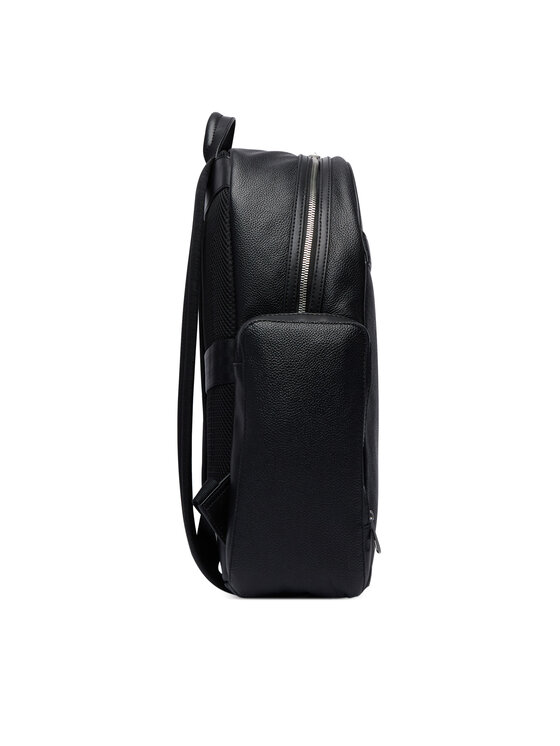 Tommy Hilfiger Tommy Hilfiger Rucksack Th Business Leather Backpack AM0AM14684 Schwarz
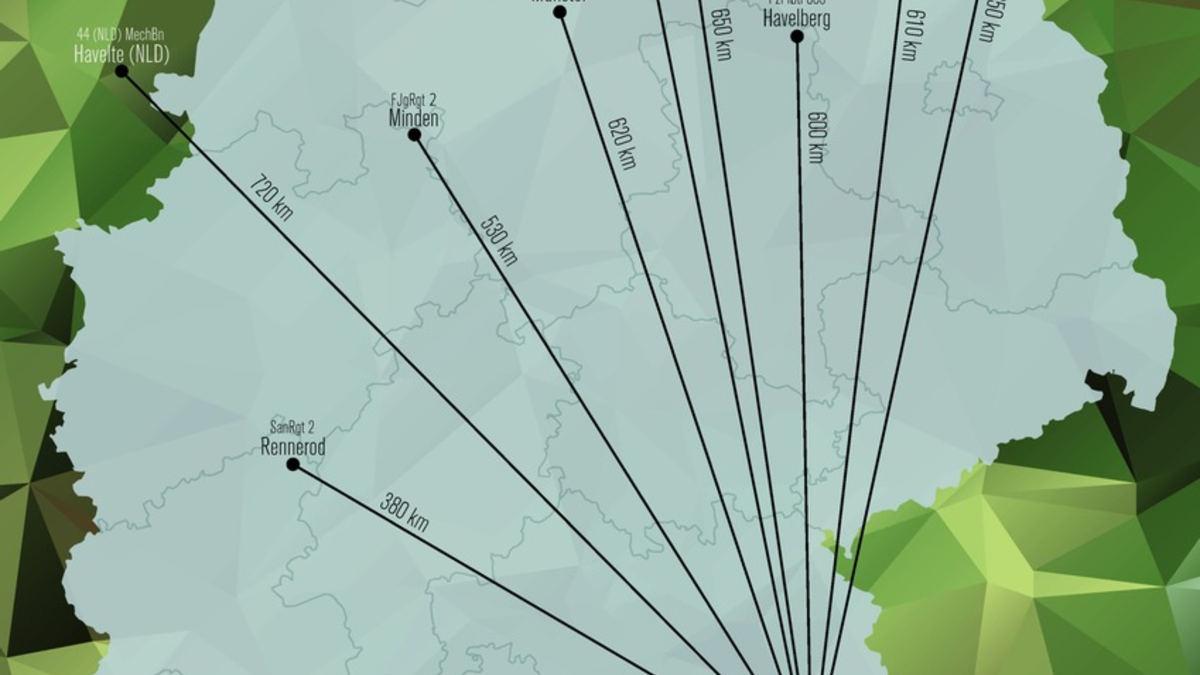 QUADRIGA 2024 -Großverband der Bundeswehr auf dem Weg von Nord nach Süd - Foto: presseportal.de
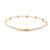 14K Yellow Gold Clover Diamond Bangle 21001049 | Shin Brothers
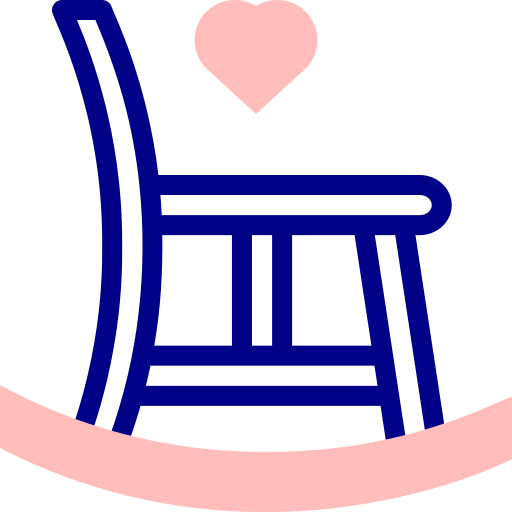 Кресло-качалка Detailed Mixed Lineal color иконка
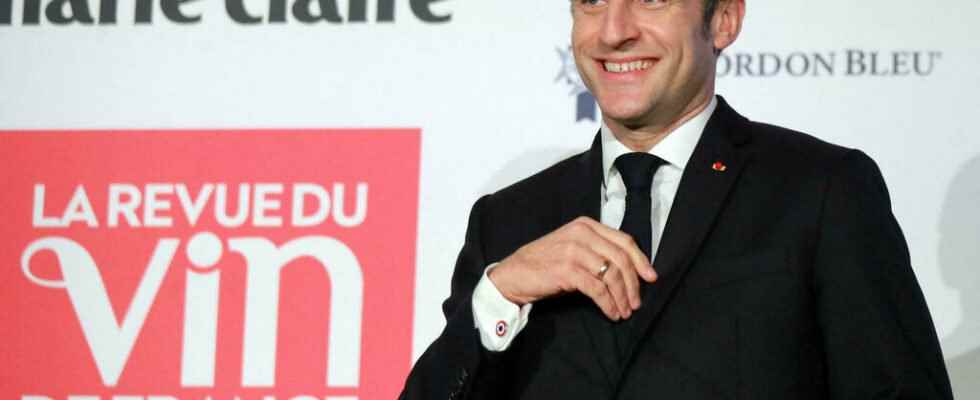 Emmanuel Macron named personality of the year by the wine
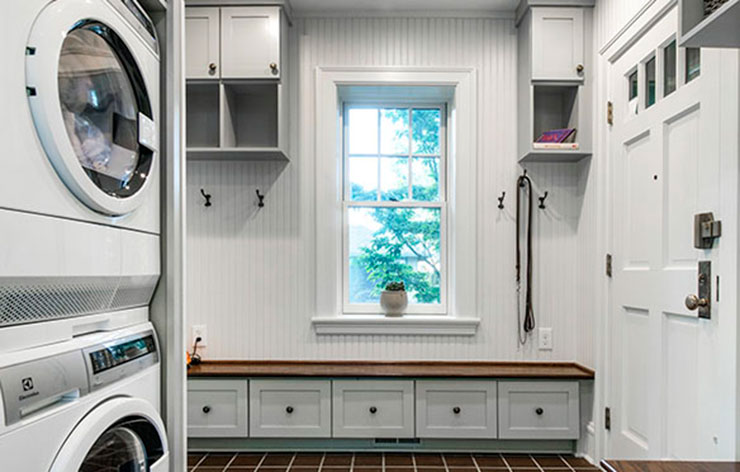 Addition of a laundry room by NJW Construction
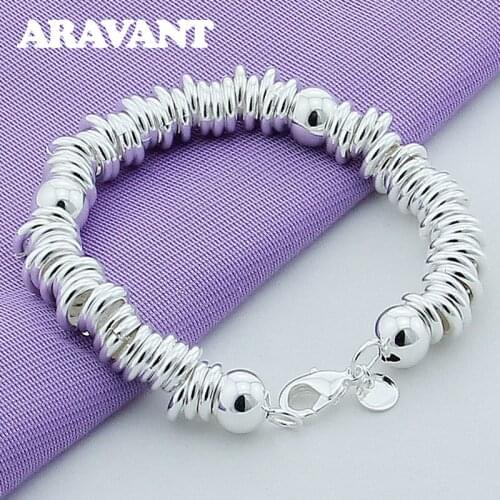 New Arrival 925 Silver Multi Circle Bead Bracelet Women Charm Bracelets Fine Jewelry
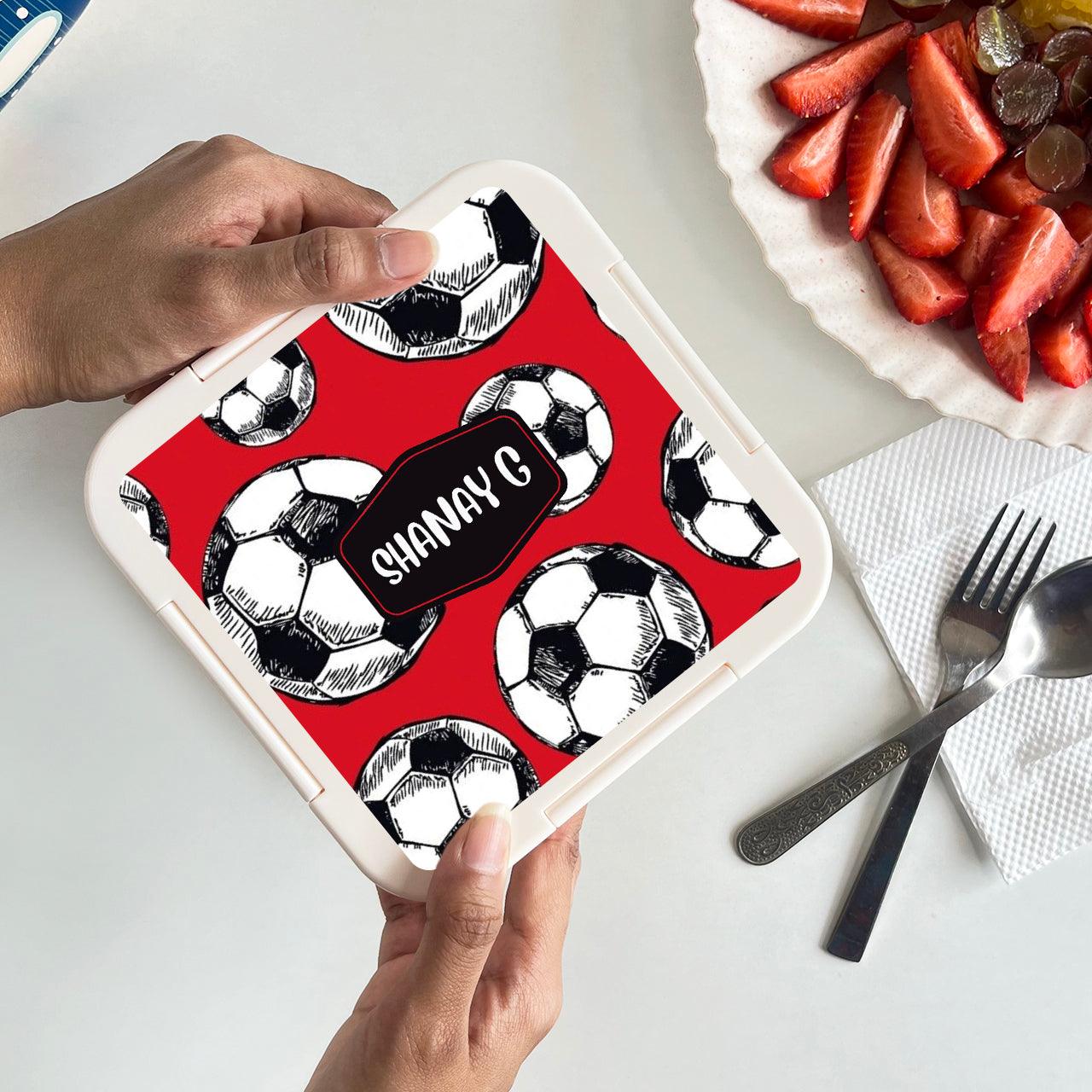 Custom Snack Box & Lunch Box for kids - Football Design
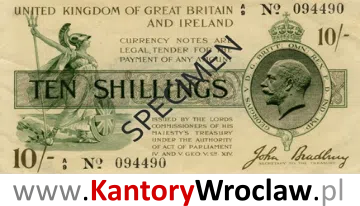 banknot 10 GBS awers seria/rok : 1918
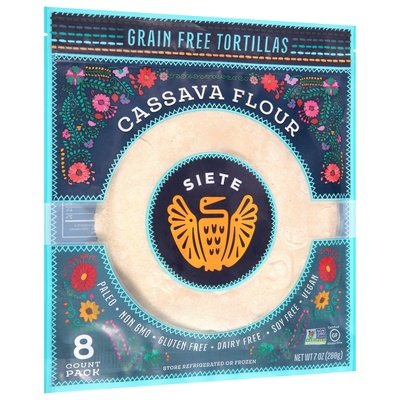 Siete Tortillas Grain Free Cassava Flour 12/7 Oz [UNFI #1804764]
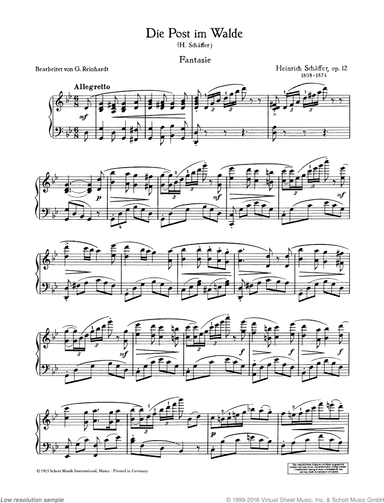 Die Post im Walde, Op. 12, Fantasia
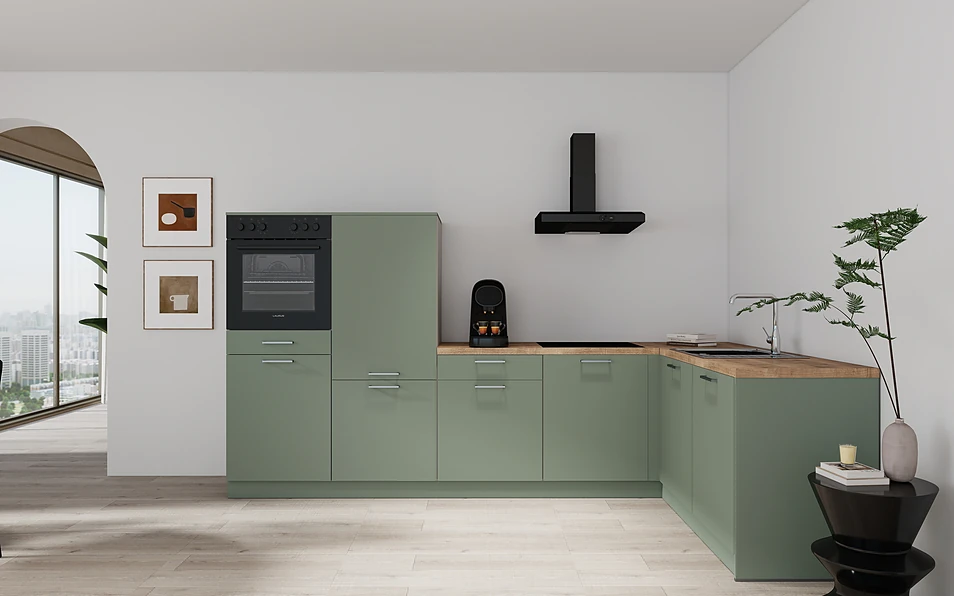 Nobilia SPA Hoekkeuken 295 cm x 185 cm nobi smart Basis Coohom 0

════════

(Work item) Omit the pictures, then extract verbatim only those lines that fall between the line containing "Die Post im Walde, Op. 12, Fantasia" and the final line of the records above, both included.

(Response to this task)
 Die Post im Walde, Op. 12, Fantasia
 Nobilia SPA Hoekkeuken 295 cm x 185 cm nobi smart Basis Coohom 0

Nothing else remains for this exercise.